Supplied material START

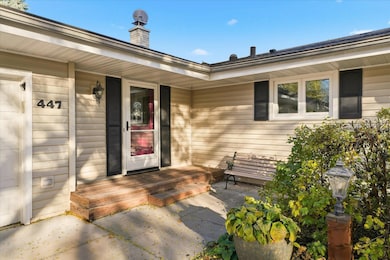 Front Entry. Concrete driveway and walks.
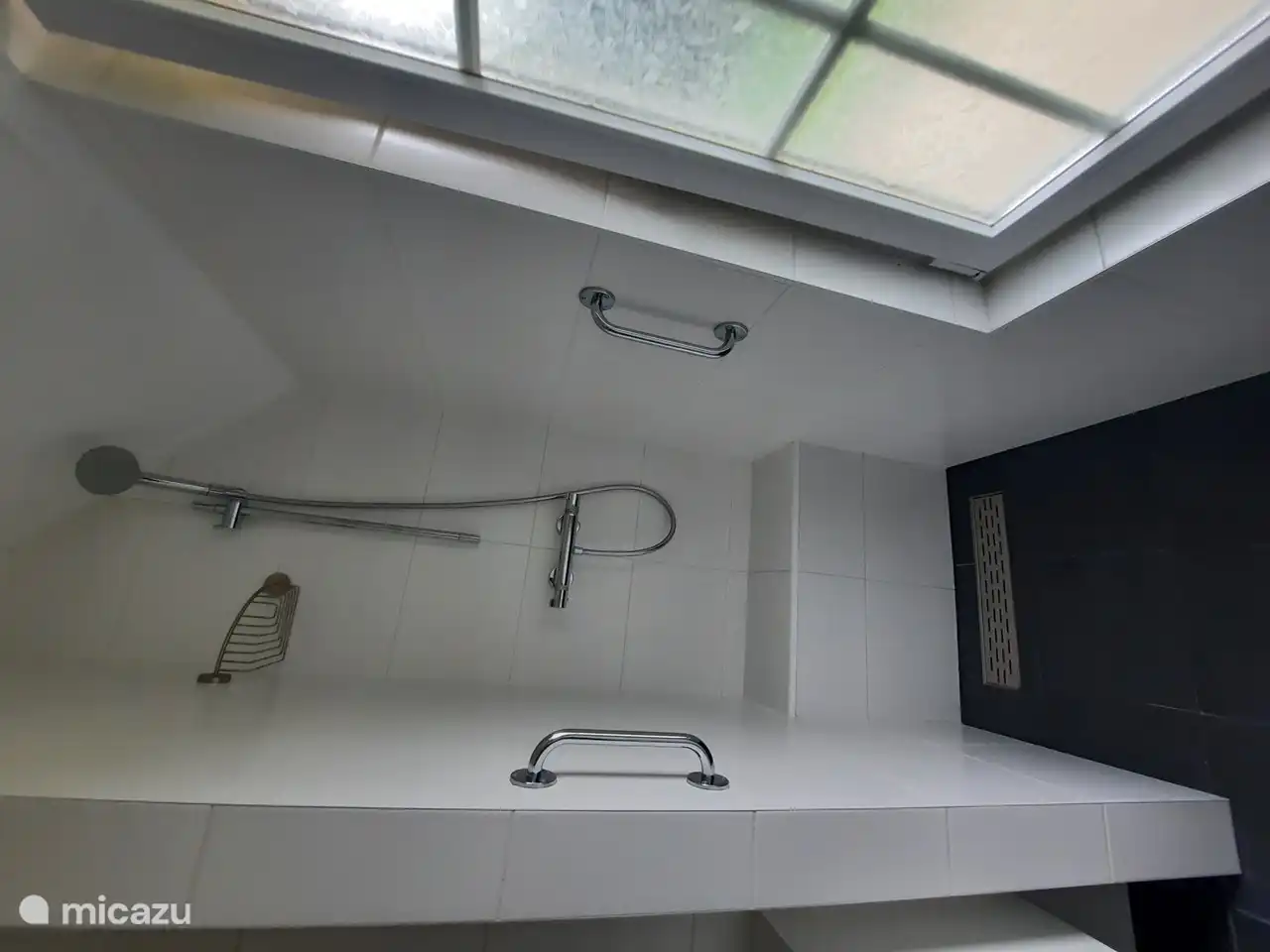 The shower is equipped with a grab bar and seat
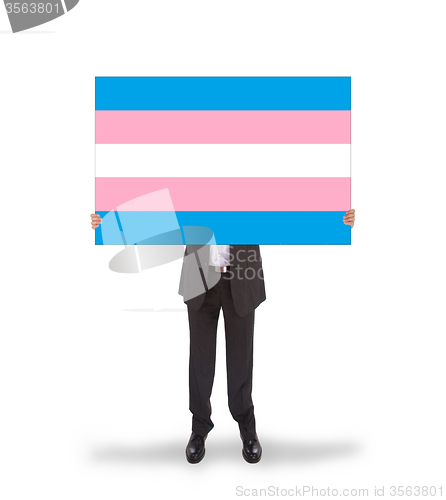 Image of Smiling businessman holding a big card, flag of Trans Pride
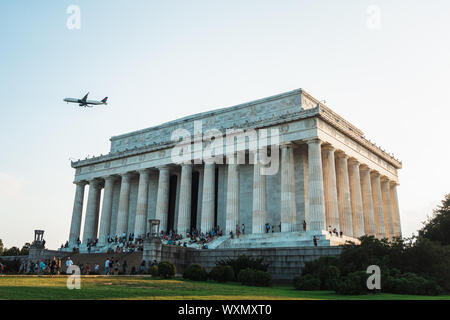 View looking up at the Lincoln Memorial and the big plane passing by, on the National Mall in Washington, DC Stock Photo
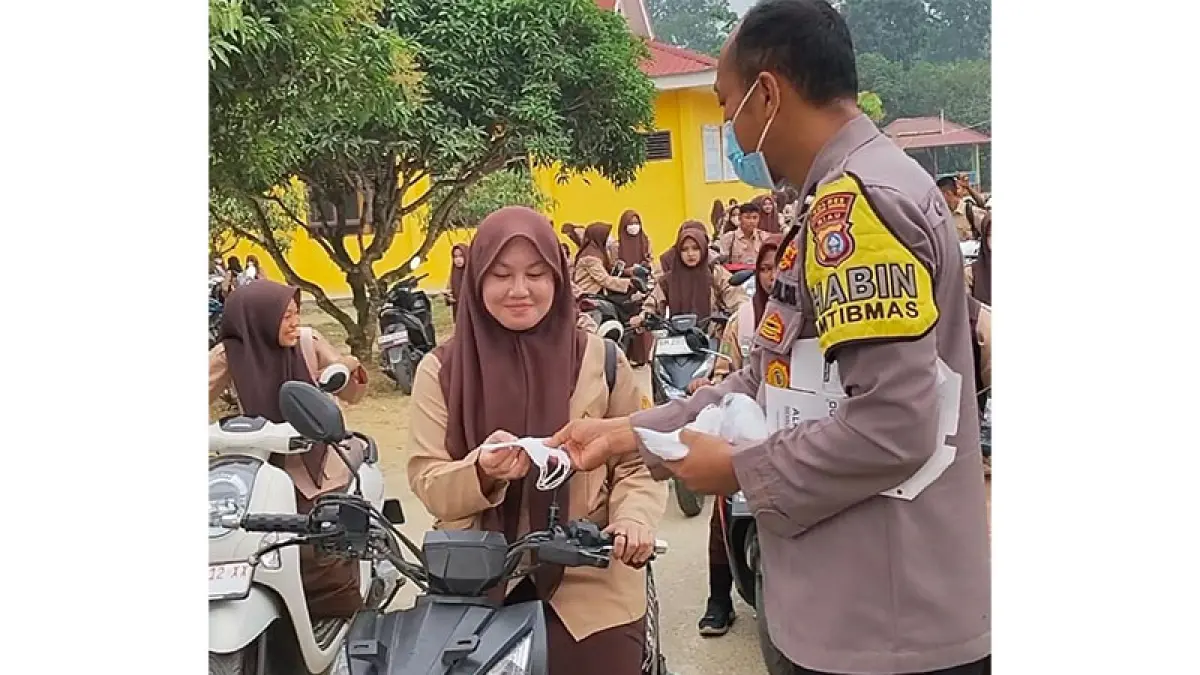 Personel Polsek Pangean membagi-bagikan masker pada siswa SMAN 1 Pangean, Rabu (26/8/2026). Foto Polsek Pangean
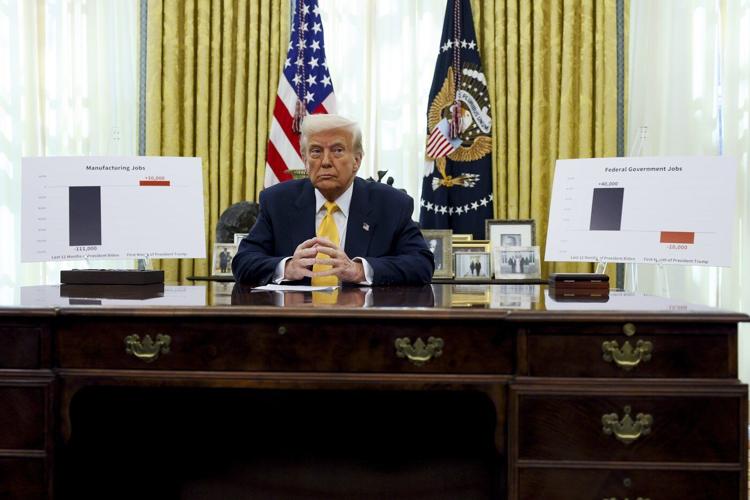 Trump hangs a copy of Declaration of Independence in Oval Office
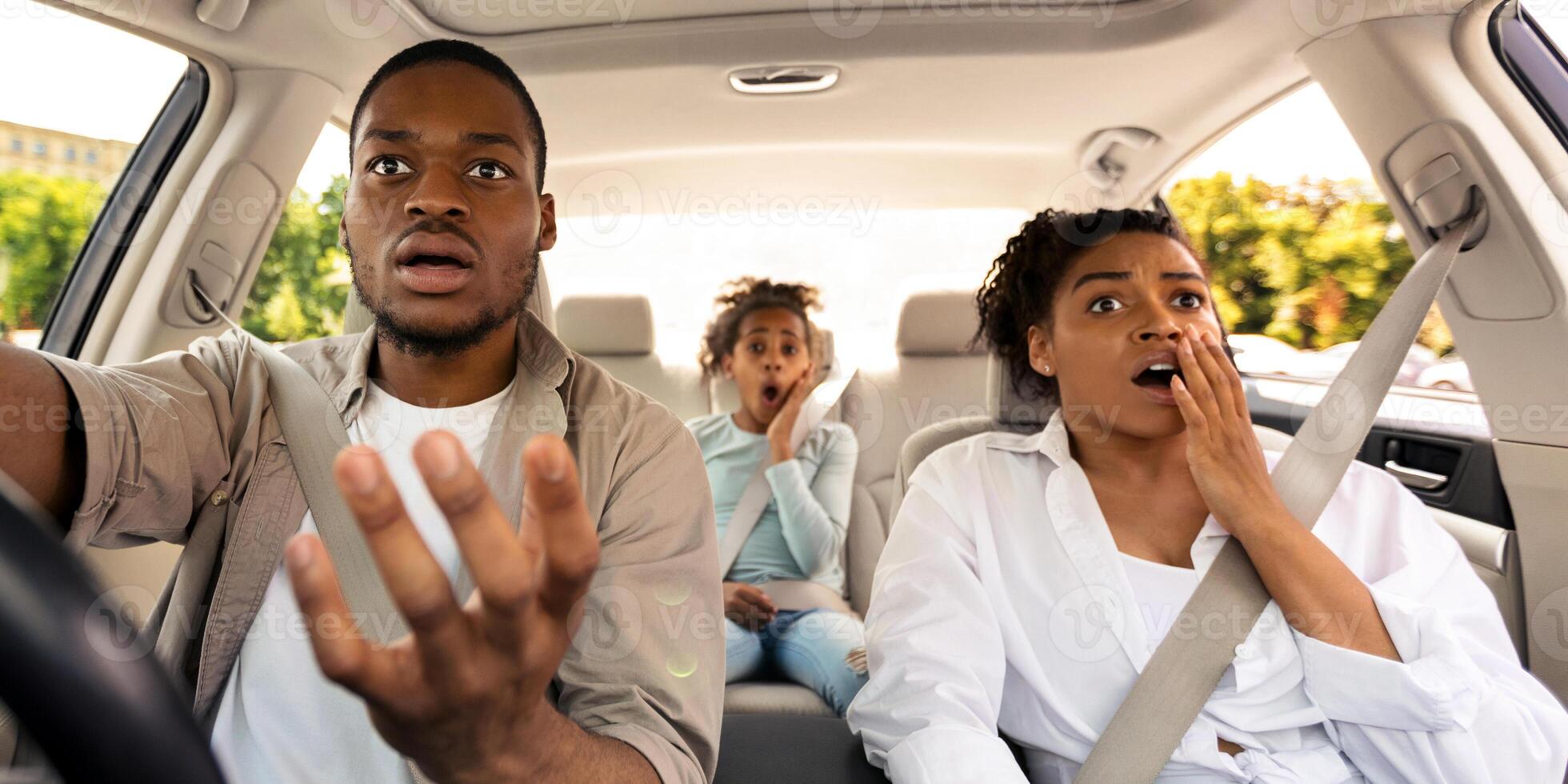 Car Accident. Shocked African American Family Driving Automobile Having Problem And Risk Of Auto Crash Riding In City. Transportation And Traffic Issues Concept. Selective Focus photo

Supplied material END

Your goal. Starting at the line that contains "View looking up" and ending at the final line of the data, reproduce each line exactly. Pictures stay out of the copy.

Response below.
 View looking up at the Lincoln Memorial and the big plane passing by, on the National Mall in Washington, DC Stock Photo
 Personel Polsek Pangean membagi-bagikan masker pada siswa SMAN 1 Pangean, Rabu (26/8/2026). Foto Polsek Pangean
 Trump hangs a copy of Declaration of Independence in Oval Office
 Car Accident. Shocked African American Family Driving Automobile Having Problem And Risk Of Auto Crash Riding In City. Transportation And Traffic Issues Concept. Selective Focus photo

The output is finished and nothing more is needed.